(Beginning of GIVEN RECORDS)

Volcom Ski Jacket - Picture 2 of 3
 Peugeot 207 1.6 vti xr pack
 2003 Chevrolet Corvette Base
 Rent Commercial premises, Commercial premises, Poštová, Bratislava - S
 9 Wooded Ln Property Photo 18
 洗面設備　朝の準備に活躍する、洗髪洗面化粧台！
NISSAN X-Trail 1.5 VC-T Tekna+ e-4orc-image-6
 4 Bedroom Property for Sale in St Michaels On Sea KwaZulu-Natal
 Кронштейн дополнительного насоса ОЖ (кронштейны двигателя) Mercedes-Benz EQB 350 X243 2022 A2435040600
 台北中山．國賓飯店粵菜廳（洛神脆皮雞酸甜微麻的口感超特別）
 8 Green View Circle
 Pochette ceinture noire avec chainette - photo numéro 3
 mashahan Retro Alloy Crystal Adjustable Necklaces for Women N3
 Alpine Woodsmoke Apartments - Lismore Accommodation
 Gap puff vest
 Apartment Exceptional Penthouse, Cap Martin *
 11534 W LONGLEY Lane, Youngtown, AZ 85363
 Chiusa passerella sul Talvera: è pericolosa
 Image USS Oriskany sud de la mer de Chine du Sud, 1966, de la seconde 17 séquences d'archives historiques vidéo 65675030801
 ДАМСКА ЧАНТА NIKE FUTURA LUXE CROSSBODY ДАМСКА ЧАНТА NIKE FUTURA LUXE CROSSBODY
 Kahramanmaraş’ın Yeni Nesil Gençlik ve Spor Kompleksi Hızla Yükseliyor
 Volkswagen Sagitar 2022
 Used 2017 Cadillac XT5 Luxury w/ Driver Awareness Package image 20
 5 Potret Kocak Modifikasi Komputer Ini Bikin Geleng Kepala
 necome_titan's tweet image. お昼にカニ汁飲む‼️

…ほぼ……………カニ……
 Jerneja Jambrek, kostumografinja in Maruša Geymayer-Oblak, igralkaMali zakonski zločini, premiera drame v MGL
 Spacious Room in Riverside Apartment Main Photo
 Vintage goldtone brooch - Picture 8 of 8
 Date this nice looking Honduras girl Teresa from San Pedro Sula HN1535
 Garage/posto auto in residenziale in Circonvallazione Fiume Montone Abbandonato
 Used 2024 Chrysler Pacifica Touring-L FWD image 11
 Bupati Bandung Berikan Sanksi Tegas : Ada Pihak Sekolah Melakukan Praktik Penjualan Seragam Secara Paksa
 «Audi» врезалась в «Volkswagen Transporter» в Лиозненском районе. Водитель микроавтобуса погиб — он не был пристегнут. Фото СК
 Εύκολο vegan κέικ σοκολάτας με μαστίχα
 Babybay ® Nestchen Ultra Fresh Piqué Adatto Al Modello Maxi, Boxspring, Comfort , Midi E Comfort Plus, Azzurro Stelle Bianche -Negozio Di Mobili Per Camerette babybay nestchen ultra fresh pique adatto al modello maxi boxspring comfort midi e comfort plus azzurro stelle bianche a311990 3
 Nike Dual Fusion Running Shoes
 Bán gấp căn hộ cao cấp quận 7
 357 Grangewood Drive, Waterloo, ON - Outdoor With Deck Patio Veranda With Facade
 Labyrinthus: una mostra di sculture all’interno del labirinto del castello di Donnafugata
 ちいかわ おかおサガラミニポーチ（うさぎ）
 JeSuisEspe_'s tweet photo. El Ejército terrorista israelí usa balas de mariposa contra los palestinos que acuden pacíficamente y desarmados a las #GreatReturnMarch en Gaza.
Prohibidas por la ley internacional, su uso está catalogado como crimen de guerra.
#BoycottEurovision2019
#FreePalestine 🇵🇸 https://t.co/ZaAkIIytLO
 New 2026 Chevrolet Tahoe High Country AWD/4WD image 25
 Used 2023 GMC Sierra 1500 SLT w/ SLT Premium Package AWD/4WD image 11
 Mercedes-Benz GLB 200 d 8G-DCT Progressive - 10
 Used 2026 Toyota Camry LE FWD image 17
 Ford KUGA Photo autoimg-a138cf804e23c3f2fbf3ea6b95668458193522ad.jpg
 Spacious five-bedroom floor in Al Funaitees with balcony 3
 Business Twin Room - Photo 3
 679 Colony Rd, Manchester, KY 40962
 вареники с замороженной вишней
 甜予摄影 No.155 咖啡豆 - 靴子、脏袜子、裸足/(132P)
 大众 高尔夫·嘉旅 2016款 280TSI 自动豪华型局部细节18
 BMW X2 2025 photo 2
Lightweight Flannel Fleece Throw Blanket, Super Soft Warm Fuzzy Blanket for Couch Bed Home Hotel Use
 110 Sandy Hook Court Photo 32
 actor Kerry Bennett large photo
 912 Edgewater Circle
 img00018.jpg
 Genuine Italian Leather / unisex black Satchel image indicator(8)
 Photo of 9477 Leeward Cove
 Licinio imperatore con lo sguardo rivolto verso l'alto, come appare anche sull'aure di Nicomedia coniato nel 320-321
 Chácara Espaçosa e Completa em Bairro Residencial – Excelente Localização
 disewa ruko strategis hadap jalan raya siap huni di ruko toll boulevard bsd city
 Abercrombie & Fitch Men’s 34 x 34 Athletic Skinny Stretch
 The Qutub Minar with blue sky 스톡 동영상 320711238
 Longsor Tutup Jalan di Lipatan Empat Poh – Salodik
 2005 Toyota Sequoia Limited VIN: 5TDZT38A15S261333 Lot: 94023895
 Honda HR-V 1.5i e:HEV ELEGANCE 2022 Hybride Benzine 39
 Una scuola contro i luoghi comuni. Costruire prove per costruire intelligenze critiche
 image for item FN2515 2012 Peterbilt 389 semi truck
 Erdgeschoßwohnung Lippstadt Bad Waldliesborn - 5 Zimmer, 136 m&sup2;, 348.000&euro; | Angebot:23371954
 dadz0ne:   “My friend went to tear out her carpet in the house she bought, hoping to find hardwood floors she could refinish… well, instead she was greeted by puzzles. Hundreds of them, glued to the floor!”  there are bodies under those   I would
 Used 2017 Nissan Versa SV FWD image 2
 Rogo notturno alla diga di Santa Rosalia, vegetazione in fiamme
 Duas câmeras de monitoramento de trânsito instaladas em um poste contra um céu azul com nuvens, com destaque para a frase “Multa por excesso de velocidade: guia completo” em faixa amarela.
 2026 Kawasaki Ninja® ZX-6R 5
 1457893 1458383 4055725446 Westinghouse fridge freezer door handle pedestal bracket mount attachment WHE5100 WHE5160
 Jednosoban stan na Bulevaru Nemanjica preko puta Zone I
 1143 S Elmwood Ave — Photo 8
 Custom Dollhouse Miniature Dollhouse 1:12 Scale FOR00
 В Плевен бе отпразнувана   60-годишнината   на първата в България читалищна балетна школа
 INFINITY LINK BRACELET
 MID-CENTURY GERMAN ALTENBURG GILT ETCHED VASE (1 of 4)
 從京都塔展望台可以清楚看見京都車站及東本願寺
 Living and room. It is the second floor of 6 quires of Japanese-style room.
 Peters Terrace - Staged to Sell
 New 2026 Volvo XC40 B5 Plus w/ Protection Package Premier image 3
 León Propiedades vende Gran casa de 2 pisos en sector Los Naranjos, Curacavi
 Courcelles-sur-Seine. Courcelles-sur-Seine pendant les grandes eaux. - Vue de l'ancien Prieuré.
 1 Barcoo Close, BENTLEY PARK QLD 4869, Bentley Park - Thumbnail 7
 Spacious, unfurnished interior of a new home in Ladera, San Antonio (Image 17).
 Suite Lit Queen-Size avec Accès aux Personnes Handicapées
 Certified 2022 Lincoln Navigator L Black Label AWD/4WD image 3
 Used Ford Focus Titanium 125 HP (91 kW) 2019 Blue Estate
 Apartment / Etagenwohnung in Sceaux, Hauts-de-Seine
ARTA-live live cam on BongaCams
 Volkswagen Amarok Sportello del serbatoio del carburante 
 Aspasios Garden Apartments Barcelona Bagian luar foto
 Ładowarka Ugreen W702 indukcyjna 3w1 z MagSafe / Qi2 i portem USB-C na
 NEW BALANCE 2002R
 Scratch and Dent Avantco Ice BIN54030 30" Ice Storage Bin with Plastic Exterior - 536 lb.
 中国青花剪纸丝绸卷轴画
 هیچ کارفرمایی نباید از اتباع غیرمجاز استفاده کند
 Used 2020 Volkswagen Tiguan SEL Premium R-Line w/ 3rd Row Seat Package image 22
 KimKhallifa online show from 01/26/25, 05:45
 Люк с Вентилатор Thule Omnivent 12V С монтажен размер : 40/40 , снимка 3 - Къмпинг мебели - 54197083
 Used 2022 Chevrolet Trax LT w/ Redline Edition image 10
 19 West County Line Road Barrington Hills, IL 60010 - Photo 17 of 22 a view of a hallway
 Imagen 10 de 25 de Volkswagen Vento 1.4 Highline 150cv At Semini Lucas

(End of GIVEN RECORDS)

**WHAT YOU HAVE TO DO**
Copy the lines above exactly, beginning at the line that has "4 Bedroom Property" and stopping after the line that has "8 Green View Circle", and omit the rest.

**PROBLEM SOLUTION**
 4 Bedroom Property for Sale in St Michaels On Sea KwaZulu-Natal
 Кронштейн дополнительного насоса ОЖ (кронштейны двигателя) Mercedes-Benz EQB 350 X243 2022 A2435040600
 台北中山．國賓飯店粵菜廳（洛神脆皮雞酸甜微麻的口感超特別）
 8 Green View Circle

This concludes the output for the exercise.